Task to carry out -
In this exercise, return only the lines that run from the line with "Gurudwara Sri Ghat Sahib — view 2" to the end of the entries below, both included. Pictures are not copied.

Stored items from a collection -
*** Begin section ***

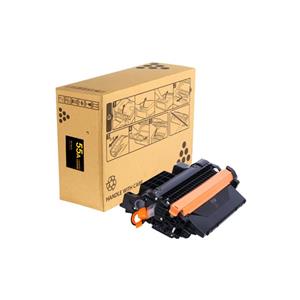 کارتریج لیزری مشکی سین‌سین 55A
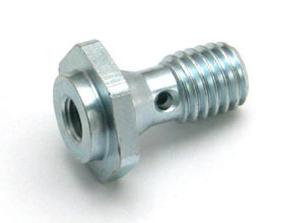 S&s Cycle Breather Screw For Air Cleaners - 1/2in.-13 Unc Hardware - 17-0347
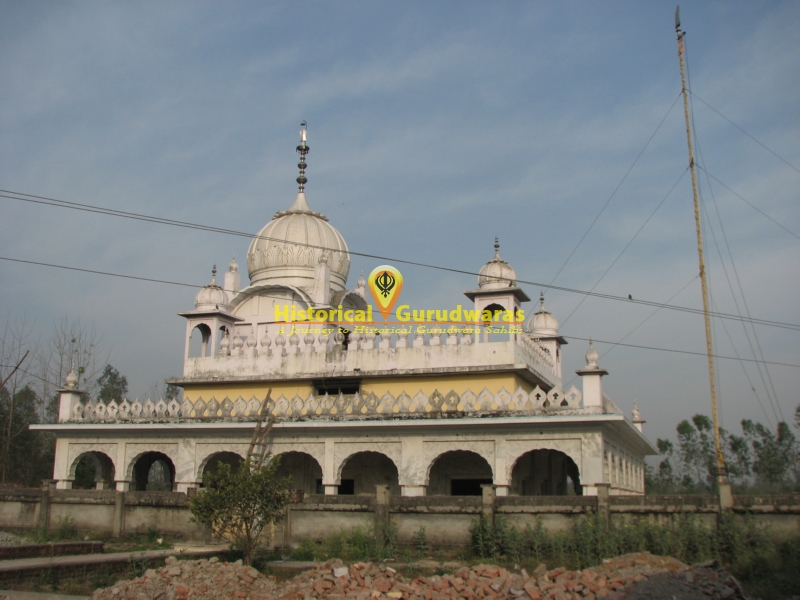 Gurudwara Sri Ghat Sahib — view 2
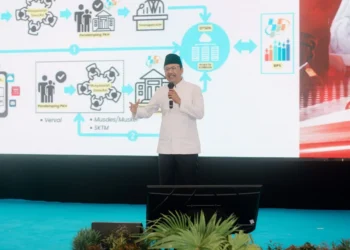 Mensos Gus Ipul Ajak RT/RW Semarang Jadi Agen Perlinsos, 8.675 Keluarga Terdaftar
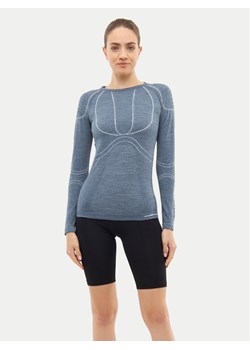 Viking Bielizna termoaktywna górna Lana Pro Lady 500/23/5758 Niebieski Slim Fit ze sklepu MODIVO w kategorii Bielizna termoaktywna damska - zdjęcie 181157554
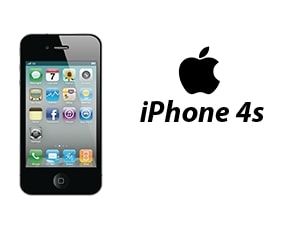 iPhone 4s reparation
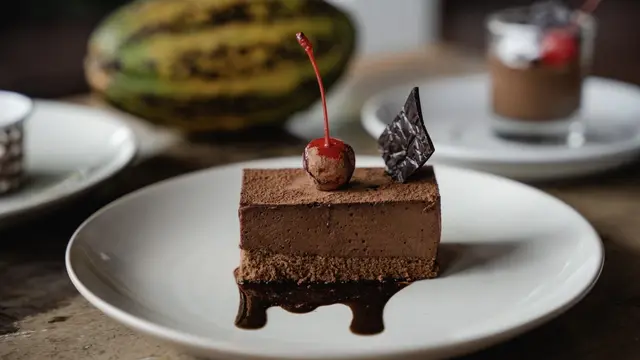 Callebaut luncurkan Cokelat Ruby hingga Chef Kirsten Tibballs bikin cokelat Bonbon.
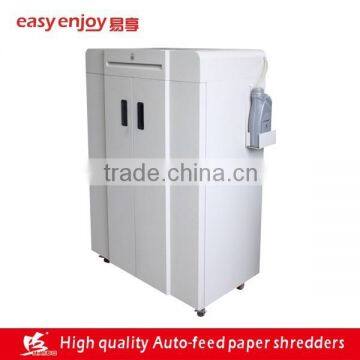 Auto feed paper Shredder with low noise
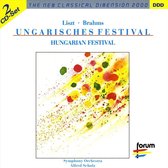 Liszt, Brahms: Ungarisches Festival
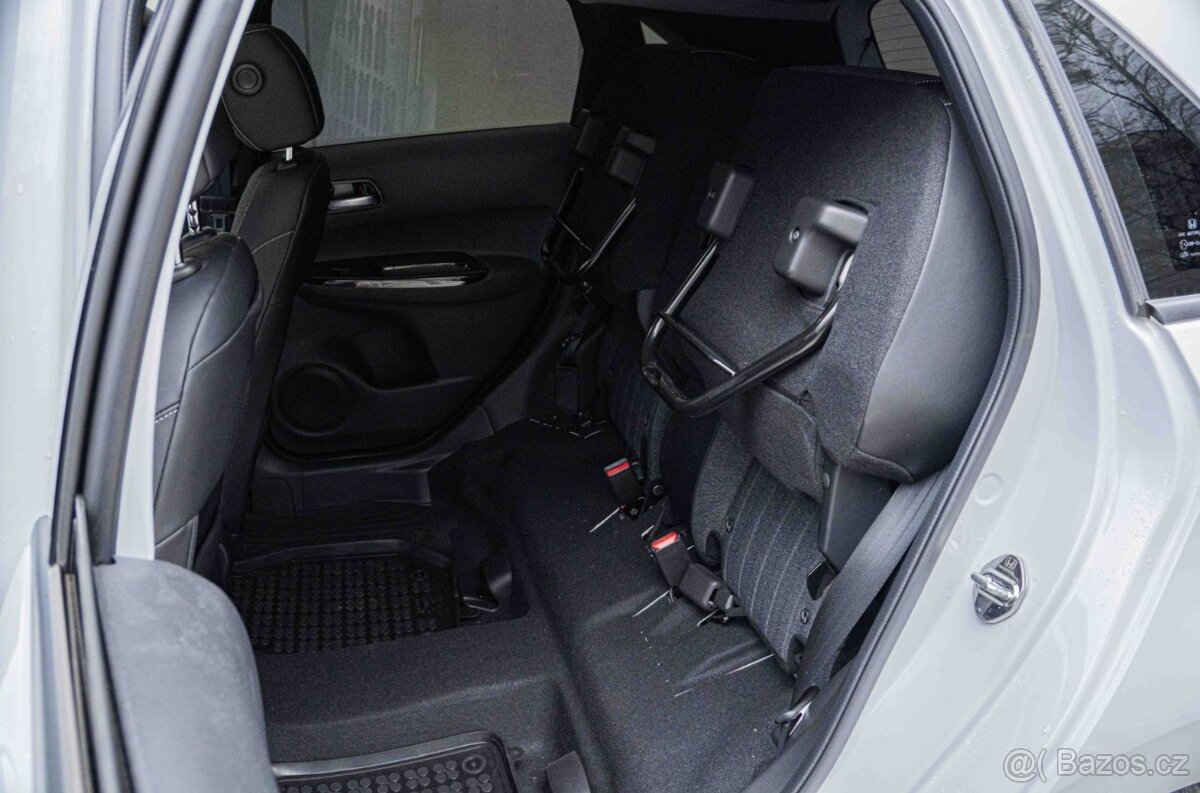 Honda Jazz Elegance - 10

*** End section ***

Exercise solution -
 Gurudwara Sri Ghat Sahib — view 2
 Mensos Gus Ipul Ajak RT/RW Semarang Jadi Agen Perlinsos, 8.675 Keluarga Terdaftar
 Viking Bielizna termoaktywna górna Lana Pro Lady 500/23/5758 Niebieski Slim Fit ze sklepu MODIVO w kategorii Bielizna termoaktywna damska - zdjęcie 181157554
 iPhone 4s reparation
 Callebaut luncurkan Cokelat Ruby hingga Chef Kirsten Tibballs bikin cokelat Bonbon.
 Auto feed paper Shredder with low noise
 Liszt, Brahms: Ungarisches Festival
 Honda Jazz Elegance - 10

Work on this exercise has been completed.